Evercoach's Ajit Nawalkha on leadership, coaching and the power of inner clarity

Gulf Business12-05-2025

Image: Supplied/ Rene Lutterus
Ajit Nawalkha, co-founder of
From his early leadership days in AIESEC to launching transformative coaching programmes and preparing to host the 'Limitless Immersion' experience in Dubai, Nawalkha's work is grounded in purpose, clarity and sustainable personal growth.
In this exclusive interview with
Gulf Business
, he shares the mindset shifts shaping the coaching industry, what truly drives transformation, and why success must start from within.
Your journey from AIESEC to becoming the face of Mindvalley Coach is inspiring. What early leadership lessons from AIESEC continue to guide you today in how you lead and coach others?
AIESEC is a student volunteer organisation that promotes world peace through understanding. It was also the place where I first discovered what it means to lead — not just manage. And those early lessons have never left me.
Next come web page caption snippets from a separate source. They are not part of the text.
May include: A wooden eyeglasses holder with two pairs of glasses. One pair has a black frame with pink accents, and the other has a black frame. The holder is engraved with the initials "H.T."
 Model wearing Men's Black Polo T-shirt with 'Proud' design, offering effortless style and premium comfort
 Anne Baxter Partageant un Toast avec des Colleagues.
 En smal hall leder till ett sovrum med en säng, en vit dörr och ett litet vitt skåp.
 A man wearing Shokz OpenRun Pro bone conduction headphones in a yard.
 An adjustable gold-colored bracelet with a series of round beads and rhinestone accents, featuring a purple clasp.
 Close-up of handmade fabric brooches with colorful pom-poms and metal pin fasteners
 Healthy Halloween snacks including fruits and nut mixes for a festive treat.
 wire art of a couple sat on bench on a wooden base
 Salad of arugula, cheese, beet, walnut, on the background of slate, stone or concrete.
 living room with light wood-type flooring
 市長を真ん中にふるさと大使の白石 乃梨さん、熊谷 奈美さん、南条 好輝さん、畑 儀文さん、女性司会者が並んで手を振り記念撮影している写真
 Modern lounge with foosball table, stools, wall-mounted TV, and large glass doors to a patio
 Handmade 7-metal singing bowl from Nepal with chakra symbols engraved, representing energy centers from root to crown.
The first lesson I learned was that resources matter far less than resourcefulness. When I joined AIESEC, I led a small local chapter in a town with limited visibility and almost no legacy of success. We didn't have the numbers, the budget, or the infrastructure. But what we had — or rather, what we built — was resourcefulness.
Under my leadership, we went from being one of the least-known chapters globally to becoming the number one local committee worldwide. That transformation didn't happen because we had more. It happened because we used what we had better. I've carried that mindset into every business I've built. Tools and funding matter, but never more than creativity, initiative, and intelligent effort.
The second lesson was that leadership isn't about time — it's about intensity. In AIESEC, leadership roles turn over every year. You don't get five years to find your voice. You get 12 months — sometimes less — to build trust, drive impact, and leave a legacy. That environment taught me how quickly leadership can be earned if you lead with clarity, conviction, and heart. It's a lesson I bring into coaching every day: you don't need more time to change your life — you need more intention.
Finally, AIESEC showed me the power of consistency over intensity. Many chapters operated in bursts — peaking in summer, fading in winter. We didn't do that. We chose to be consistent all year round. That consistency — not short-term hype — created real, lasting success. I see the same pattern in coaching and entrepreneurship: the ones who win aren't always the loudest or the fastest—they're the ones who keep showing up.
In many ways, AIESEC didn't just teach me how to lead; it shaped the entire foundation of how I coach, build, and serve.
What do you think makes a transformational coaching programme truly effective?
After working with over 15,000 coaches, I've found that true transformation follows structure. I call it the '6 Cs of Transformation':
Commitment – Creating a strong internal desire for change
Clarity – Setting specific, embodied goals
Courage – Inviting bold decisions
Capability – Equipping clients with real skills
Confidence – Building inner certainty through action
Community – Offering accountability and support
Transformation doesn't happen by chance — it's built with intention and supported with the right structure.
In 2015, a personal crisis led you to pivot toward coaching. How did that reshape your understanding of success, and what do you tell others navigating burnout or disillusionment?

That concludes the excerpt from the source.